§ **Work order**: Return the lines of the listing below exactly as they appear, beginning at the one with "ESP32C6 mini development" and stopping after the one with "Strawberry Chia Jam"; do not include pictures.

§ **Supplied entries**:
---*---

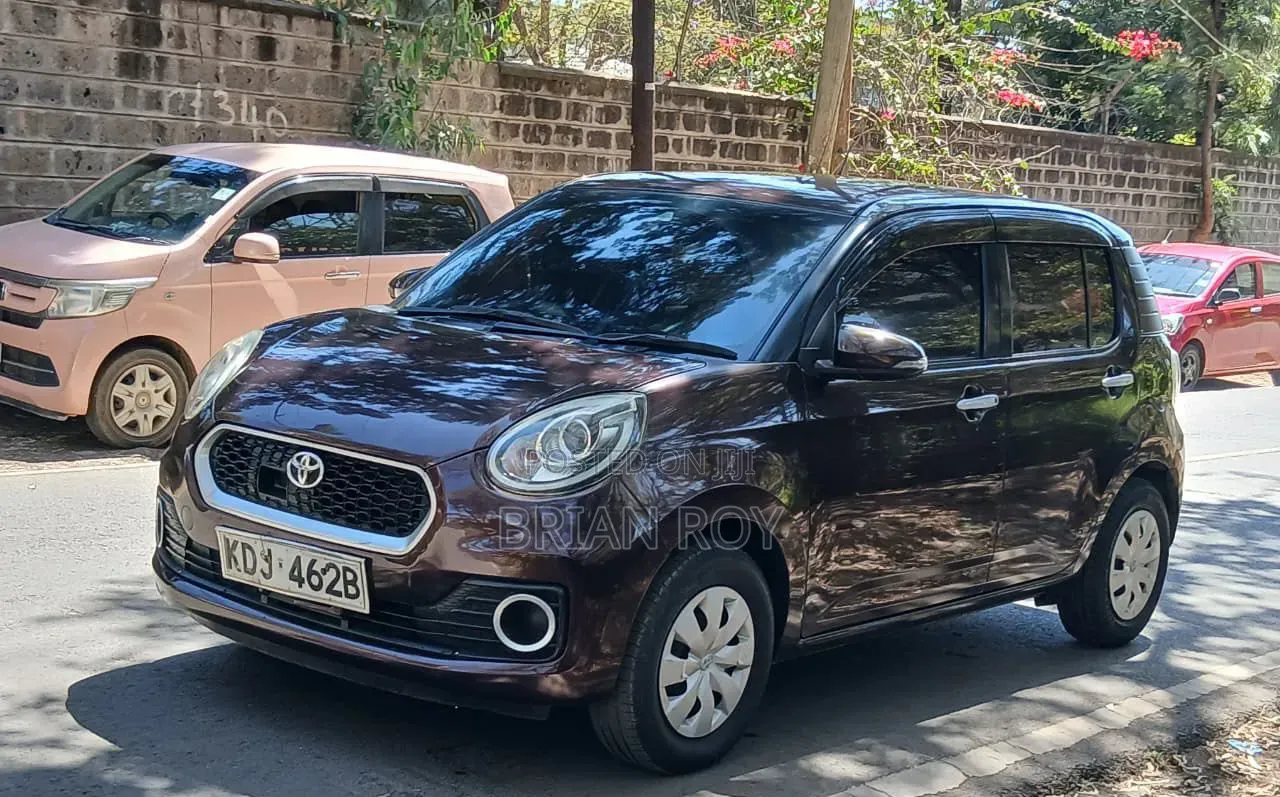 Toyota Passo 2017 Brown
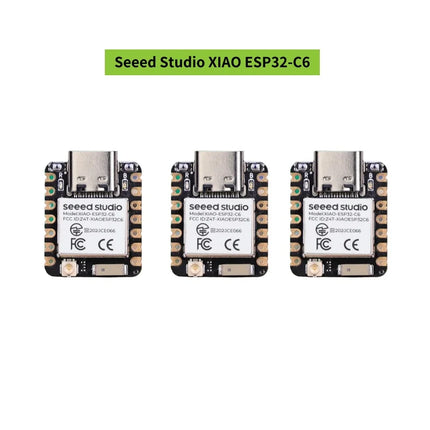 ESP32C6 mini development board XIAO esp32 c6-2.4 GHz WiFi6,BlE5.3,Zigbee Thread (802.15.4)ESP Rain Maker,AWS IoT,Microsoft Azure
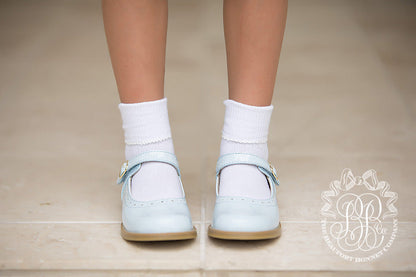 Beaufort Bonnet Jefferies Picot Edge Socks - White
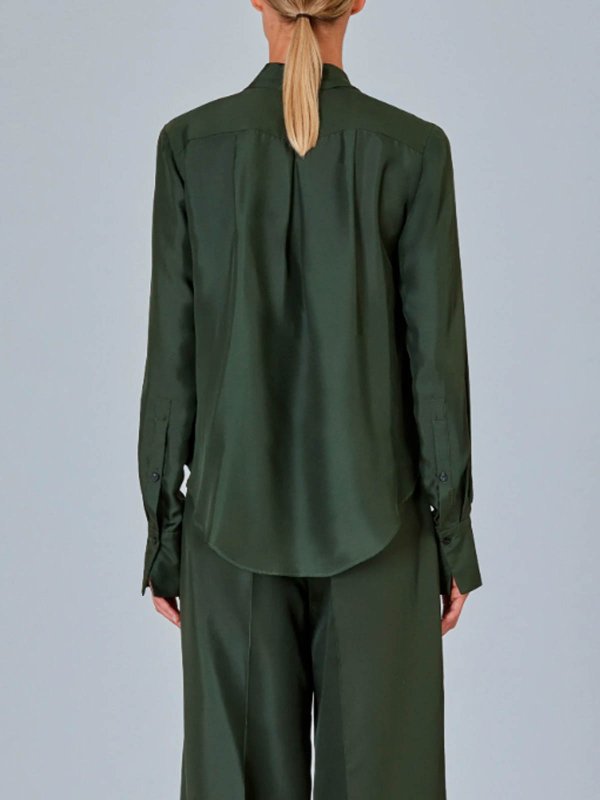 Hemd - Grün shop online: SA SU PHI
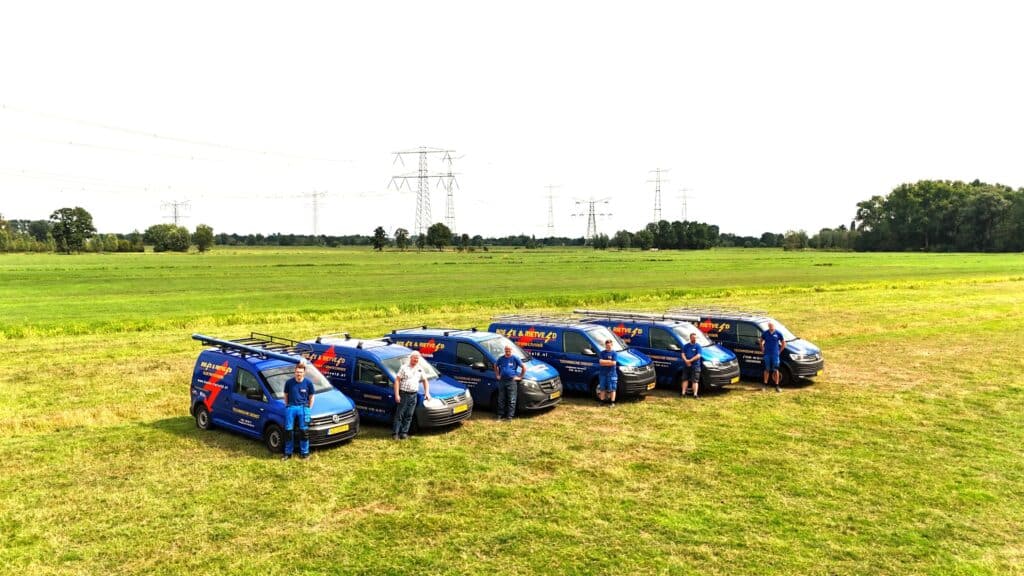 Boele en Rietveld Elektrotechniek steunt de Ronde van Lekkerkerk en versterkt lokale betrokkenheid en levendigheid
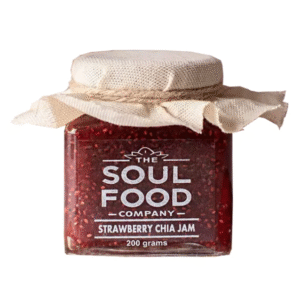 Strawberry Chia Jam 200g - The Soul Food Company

---*---

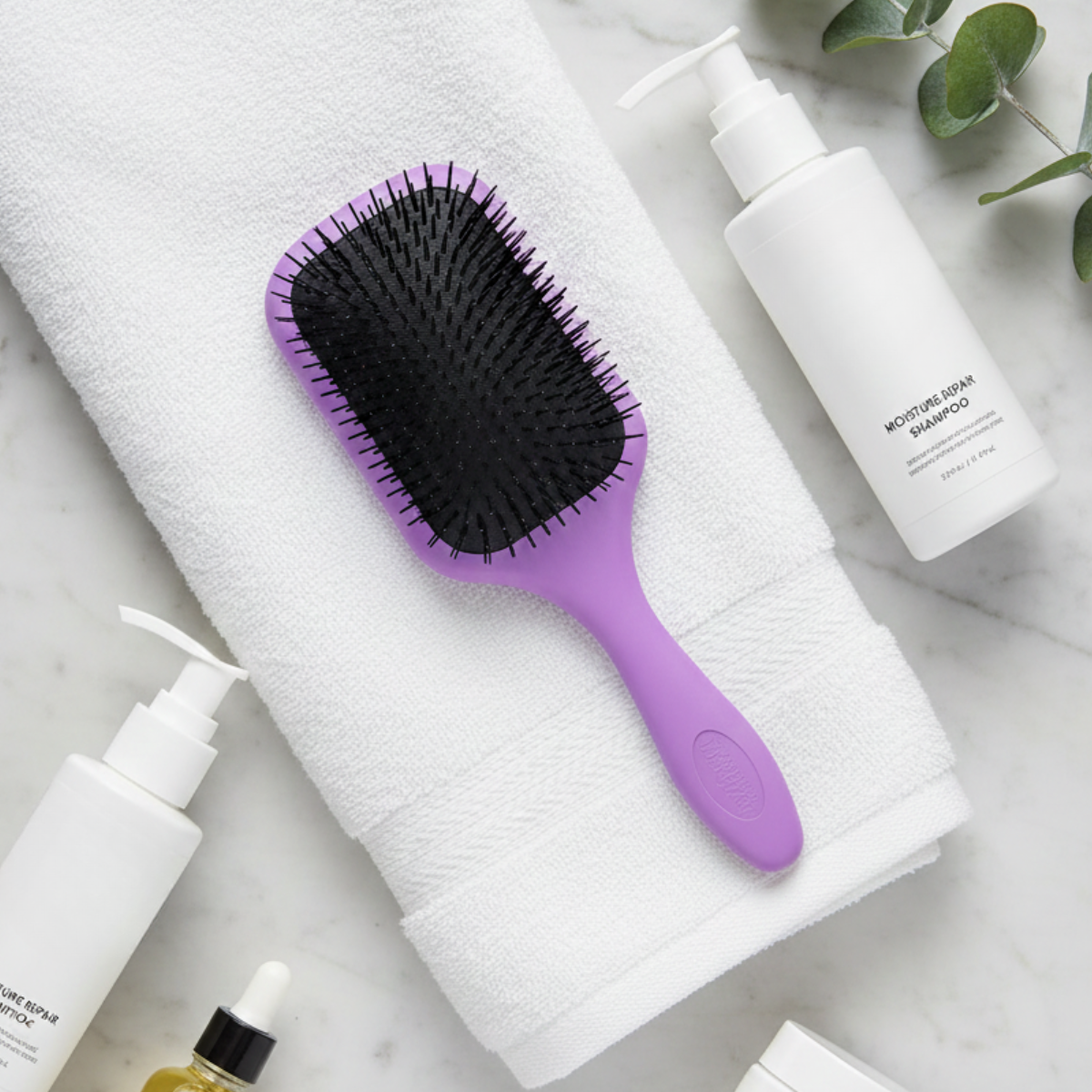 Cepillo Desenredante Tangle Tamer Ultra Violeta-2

---*---

§ **Task answer**:
 ESP32C6 mini development board XIAO esp32 c6-2.4 GHz WiFi6,BlE5.3,Zigbee Thread (802.15.4)ESP Rain Maker,AWS IoT,Microsoft Azure
 Beaufort Bonnet Jefferies Picot Edge Socks - White
 Hemd - Grün shop online: SA SU PHI
 Boele en Rietveld Elektrotechniek steunt de Ronde van Lekkerkerk en versterkt lokale betrokkenheid en levendigheid
 Strawberry Chia Jam 200g - The Soul Food Company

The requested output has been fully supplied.